1.5. Empero, al encontrarse el expediente en  esta  Corporación,  con  el  fin de salvar la irregularidad, en aplicación del  principio  de  economía  procesal, no hay lugar a remitirlo al Tribunal, porque  esa   carga   se   puede   verificar   directamente   en  la  secretaria  de  la  Sala.   

Como  se  tiene  explicado,  “ningún  sentido  tendría  permitir en este momento el regreso del  asunto  sólo para que el ad-quem disponga unas copias que la Corte, donde ahora  se  encuentra  el  proceso,  le  resulta viable ordenar, y cuya expedición así  como  su  remisión  al  juez  de  primera  instancia  la  pueda hacer la citada  secretaría,  en  el  caso de que el interesado sufrague lo necesario dentro del  plazo   que   para  el  efecto  prevé  el  aludido  precepto  legal”4.   

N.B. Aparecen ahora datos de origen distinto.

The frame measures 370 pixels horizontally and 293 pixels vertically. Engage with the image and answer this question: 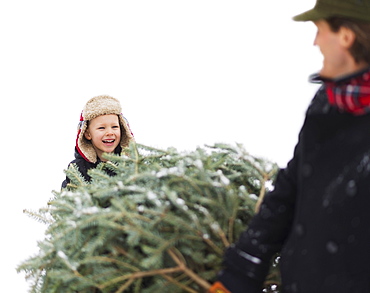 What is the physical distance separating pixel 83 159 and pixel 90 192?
1.92 metres

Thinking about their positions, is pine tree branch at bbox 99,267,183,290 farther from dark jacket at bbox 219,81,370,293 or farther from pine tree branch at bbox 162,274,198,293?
dark jacket at bbox 219,81,370,293

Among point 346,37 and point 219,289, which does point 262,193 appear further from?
point 346,37

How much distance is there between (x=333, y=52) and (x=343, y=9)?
0.12 metres

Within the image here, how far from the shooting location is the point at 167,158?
1.97 metres

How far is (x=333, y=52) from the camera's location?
148 centimetres

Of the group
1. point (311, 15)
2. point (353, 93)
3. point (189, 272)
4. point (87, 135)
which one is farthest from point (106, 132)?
point (353, 93)

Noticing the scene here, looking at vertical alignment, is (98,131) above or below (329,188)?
above

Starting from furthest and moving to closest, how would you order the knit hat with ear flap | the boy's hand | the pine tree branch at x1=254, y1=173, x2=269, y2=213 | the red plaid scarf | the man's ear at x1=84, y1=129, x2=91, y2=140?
the man's ear at x1=84, y1=129, x2=91, y2=140 < the knit hat with ear flap < the pine tree branch at x1=254, y1=173, x2=269, y2=213 < the boy's hand < the red plaid scarf

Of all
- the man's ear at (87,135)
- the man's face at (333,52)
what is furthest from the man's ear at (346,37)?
the man's ear at (87,135)

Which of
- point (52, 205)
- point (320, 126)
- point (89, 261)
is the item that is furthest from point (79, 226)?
point (320, 126)

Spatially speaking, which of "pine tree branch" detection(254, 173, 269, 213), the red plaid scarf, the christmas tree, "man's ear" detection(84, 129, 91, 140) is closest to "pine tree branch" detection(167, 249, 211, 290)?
the christmas tree

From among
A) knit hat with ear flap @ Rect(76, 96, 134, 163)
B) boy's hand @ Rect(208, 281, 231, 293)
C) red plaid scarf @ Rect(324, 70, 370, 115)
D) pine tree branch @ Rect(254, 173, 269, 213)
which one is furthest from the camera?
knit hat with ear flap @ Rect(76, 96, 134, 163)

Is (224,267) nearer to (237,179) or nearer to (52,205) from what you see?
(237,179)

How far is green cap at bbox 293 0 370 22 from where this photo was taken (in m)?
1.45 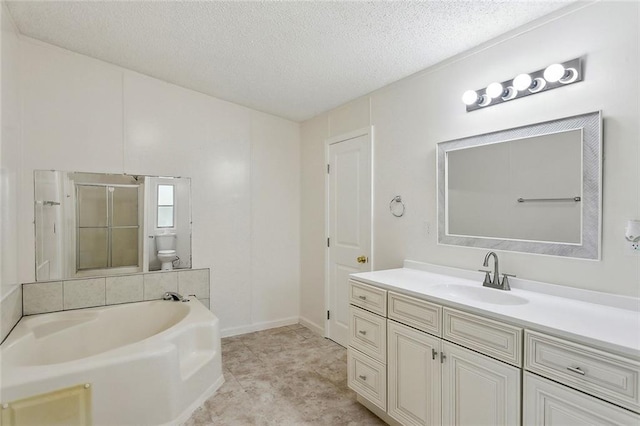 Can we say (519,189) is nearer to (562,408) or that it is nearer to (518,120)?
(518,120)

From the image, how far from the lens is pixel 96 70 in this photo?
10.0 feet

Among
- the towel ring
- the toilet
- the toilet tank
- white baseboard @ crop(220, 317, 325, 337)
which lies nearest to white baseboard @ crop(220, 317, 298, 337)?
white baseboard @ crop(220, 317, 325, 337)

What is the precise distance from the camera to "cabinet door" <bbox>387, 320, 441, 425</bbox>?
184 cm

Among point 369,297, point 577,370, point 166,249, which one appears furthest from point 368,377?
point 166,249

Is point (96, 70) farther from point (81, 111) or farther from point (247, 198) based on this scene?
point (247, 198)

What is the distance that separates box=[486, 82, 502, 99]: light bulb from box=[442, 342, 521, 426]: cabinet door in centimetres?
146

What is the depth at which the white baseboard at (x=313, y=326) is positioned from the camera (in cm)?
381

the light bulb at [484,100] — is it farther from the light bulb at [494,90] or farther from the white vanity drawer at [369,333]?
the white vanity drawer at [369,333]

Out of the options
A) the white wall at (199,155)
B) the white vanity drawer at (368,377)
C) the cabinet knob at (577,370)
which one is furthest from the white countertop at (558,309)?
the white wall at (199,155)

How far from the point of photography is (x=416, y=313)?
76.2 inches

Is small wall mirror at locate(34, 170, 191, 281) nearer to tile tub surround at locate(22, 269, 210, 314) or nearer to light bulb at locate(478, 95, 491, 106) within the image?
tile tub surround at locate(22, 269, 210, 314)

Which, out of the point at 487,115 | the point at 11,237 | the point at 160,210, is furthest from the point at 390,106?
the point at 11,237

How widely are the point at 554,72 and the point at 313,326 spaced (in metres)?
3.22

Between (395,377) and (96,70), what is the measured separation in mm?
3435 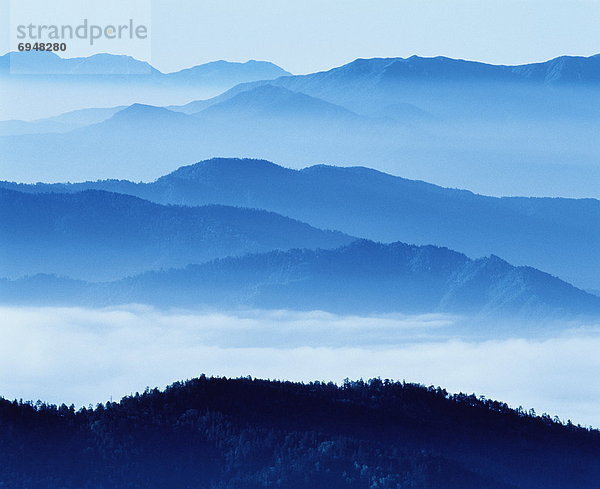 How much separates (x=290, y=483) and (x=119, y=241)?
115 metres

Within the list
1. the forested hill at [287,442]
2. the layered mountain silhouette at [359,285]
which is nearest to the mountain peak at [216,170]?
the layered mountain silhouette at [359,285]

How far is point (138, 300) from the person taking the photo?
157 meters

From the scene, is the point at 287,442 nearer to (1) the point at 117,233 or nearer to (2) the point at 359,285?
(2) the point at 359,285

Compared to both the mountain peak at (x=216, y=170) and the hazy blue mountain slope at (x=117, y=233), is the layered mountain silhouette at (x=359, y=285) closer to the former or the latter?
the hazy blue mountain slope at (x=117, y=233)

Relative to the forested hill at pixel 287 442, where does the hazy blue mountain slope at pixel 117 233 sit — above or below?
above

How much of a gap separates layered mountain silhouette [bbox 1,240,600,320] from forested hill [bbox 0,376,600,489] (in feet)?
280

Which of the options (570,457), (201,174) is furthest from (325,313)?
Result: (570,457)

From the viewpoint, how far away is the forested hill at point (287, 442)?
51156 mm

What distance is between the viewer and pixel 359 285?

La  competencia  para  disponer  ahora  las  compulsas  estriba,  si el recurrente se sustrae a suministrar su valor, en esta  superioridad  igualmente es dable inadmitir el recurso en cuestión, entre otros  eventos,  “(…)  cuando  no  se hayan expedido las  copias   en   el   término  a  que  se  refiere  el  artículo  371”.      

1.6. En ese orden de ideas, se procederá de  conformidad.   

2. DECISIÓN  

En  mérito  de  lo  considerado,  la  Corte  Suprema  de  Justicia,  Sala  de  Casación  Civil, ordena a la parte recurrente  suministrar,  en el término de tres días contados a partir de la ejecutoria de  esta  providencia,  lo necesario a efectos de expedir copia de la demanda, de su  contestación,  de  las  sentencias  de  instancia  y  de  este  auto,  para  la  ejecución  de  la  sentencia  ante  el juzgado, so pena de declarar desierto el  recurso interpuesto.   

NOTIFÍQUESE  

LUIS ARMANDO TOLOSA VILLABONA  

Magistrado  

    

1 CSJ.  Civil. Auto 125 de 18 de junio de 2008, expediente 2004-00205.   

2 CSJ.  Civil.  Autos 081 de 3 de mayo de 2002, expediente 0491, 176 de 17 de septiembre  de  2008,  expediente  00014,  de  4  mayo  de  2009,  expediente  00244 y 16 de  septiembre de 2013, expediente 00071.   

3 CSJ.  Civil.  Auto  017 de 19 de enero de 2005, expediente 00417, reiterado en auto de  21 de agosto de 2008, expediente 08781.   

4 CSJ:  Civil,  Auto  de  5  de  abril  de  2011,  expediente  00385, con cita de varios  precedentes.